# Olympics CSV Data Cleaning

In [1]:
# snippet to download the data file the first time
import os.path  # library for working with local directories

filename = 'olympics.csv'
url = r"https://github.com/realpython/python-data-cleaning/raw/master/Datasets/olympics.csv"

if not os.path.isfile(filename):  # if filename doesn't exist in current directory...
    import urllib.request  # library for making web requests
    
    # Download the file from `url` and save it locally under `filename`:
    urllib.request.urlretrieve(url, filename)
    print(filename, 'downloaded')
    
else:
    print(filename, 'already present')

olympics.csv already present


The new CSV file should contain the following columns:

0) `entry` - entry number (start at 1)

1) `name` - country/team name, with no codes/abbreviations

2) `code` - 3-letter/number country code, no parentheses

3) `01 ! combined` - # first place finishes/gold medals in summer + winter combined

4) `02 ! combined` - silver

5) `03 ! combined` - bronze

6) `? games` - total number of olympics (summer + winter combined)

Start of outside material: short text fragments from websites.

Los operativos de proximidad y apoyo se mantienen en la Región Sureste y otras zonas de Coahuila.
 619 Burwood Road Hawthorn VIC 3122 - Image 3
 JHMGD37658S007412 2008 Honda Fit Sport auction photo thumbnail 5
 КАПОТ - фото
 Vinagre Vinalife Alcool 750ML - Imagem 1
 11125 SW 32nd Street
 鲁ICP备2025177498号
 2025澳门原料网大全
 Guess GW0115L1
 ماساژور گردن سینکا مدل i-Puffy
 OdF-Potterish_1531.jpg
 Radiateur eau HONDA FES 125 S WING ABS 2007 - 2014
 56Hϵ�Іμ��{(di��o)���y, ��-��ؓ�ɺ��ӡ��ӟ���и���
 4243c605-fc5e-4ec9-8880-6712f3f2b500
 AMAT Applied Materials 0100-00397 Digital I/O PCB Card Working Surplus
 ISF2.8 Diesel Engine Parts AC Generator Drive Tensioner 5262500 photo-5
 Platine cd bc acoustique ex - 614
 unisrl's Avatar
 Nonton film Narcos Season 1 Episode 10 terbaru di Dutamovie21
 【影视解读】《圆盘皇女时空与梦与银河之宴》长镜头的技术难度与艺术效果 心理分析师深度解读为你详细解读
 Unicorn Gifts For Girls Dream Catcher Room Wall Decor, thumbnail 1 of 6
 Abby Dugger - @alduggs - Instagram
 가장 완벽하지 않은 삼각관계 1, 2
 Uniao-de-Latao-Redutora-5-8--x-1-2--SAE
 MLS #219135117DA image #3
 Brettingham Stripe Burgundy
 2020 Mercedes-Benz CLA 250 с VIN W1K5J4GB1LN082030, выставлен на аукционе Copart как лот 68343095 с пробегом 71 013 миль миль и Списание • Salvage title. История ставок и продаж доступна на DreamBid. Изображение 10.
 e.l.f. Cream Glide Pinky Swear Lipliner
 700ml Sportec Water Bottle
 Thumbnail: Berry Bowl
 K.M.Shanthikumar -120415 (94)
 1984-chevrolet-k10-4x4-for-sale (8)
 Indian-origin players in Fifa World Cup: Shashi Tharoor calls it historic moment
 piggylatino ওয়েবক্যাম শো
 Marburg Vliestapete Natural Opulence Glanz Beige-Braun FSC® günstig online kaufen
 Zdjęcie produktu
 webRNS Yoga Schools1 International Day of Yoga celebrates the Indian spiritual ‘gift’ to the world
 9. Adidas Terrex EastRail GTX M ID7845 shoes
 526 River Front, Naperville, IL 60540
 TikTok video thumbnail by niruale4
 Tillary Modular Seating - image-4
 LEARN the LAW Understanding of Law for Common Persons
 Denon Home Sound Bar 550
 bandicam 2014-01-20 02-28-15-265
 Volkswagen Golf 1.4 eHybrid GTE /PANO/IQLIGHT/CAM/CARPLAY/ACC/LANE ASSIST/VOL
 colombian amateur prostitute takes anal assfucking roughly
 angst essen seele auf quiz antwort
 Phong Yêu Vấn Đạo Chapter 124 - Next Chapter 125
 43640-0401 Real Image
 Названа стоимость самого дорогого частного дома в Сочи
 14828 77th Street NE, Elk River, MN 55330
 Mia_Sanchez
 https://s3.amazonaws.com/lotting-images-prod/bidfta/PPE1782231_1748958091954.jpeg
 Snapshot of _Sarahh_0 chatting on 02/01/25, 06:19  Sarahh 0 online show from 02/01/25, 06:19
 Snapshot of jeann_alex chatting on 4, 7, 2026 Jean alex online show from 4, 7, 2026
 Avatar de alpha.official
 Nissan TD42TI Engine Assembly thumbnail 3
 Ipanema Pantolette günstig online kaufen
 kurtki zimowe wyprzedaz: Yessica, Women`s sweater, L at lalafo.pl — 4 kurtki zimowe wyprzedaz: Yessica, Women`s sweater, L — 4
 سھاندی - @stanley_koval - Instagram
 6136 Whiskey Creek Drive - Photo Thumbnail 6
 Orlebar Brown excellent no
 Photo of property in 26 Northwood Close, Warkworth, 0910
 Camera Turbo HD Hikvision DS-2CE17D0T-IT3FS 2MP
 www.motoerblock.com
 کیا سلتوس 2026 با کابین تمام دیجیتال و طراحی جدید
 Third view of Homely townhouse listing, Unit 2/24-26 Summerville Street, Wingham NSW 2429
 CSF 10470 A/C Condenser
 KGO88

7) `winter` - *no* if the team has never played in a Winter Olympics, *yes* otherwise

(8 columns in all)
 
* teams should be sorted by their 3-letter/number code, *not* their full name


Looking at a correct output file in a plain text editor, the first two rows should be as follows:

`entry,name,code,01 ! combined,02 ! combined,03 ! combined,? games,winter
1,Afghanistan,AFG,0,0,2,13,False`

In [7]:
import pandas as pd
import re
pd.options.mode.chained_assignment = None # default='warn'

def process_olympics_data(input_filename, output_filename='output.csv'):
    """Modifies the given 'olympics.csv' file into the specifications laid out above.
       
       Input: This def takes the name of the file to be modified, and the user specifies the name of the file it will output
       
       Returns: A csv file of the given specifications
    """
    #sets the columns from the original csv that we care about
    col_list = ["0","6","11","12","13","14"]
    #gives a new column name to importanted columns since we are removing the headers on import
    new_col_list = ["name","winter","? games","01 ! combined","02 ! combined","03 ! combined"]
    #import and read the given csv file, uses the above objects to exactract only what is needed
    csvf = pd.read_csv(input_filename, skiprows=2, skipfooter=1, usecols=[0,6,11,12,13,14], names=new_col_list)
    csvf["entry"] = range(1, len(csvf)+1)              #adds "entry" column and gives it a range
    csvf["code"] = range(1, len(csvf)+1)               #adds "code" column and gives it a notional range, replaced later

    a = csvf['name']                                   #picks a column to use as an index for the loop, could be any column
    for i in range(len(csvf)):
        a_it = a[i]                                    #recreates a workable object each iteration
        b_it = a_it.split(" [",1)[0]                   #splits each entry so that nothing after the country code is used

        inp = re.findall((r"\((.*?)\)"), b_it)         #searches and displays the country code from inside the parenthesis
        csvf["code"][i]=inp[0]                         #places the country code in the code column

        inp2 = re.sub(r"(.*?)\s?\(.*?\)", r"\1", b_it) #searches and displays the country name
        csvf["name"][i]=inp2[0:len(inp2)]              #places the country name in the names column

        if int(csvf['winter'][i])>0:                   #this if/else replaces the winter numbers with no or yes based on
            csvf['winter'][i] = "True"                 #whether the number was 0 or not.
        else:                                          
            csvf['winter'][i] = "False"

        #rearrange the columns into the proper order
        output = csvf[["entry","name","code","01 ! combined","02 ! combined","03 ! combined","? games","winter"]]
    return output.to_csv('output.csv', index=False)

In [8]:
process_olympics_data('olympics.csv')
#Output file will be in the same directory as this file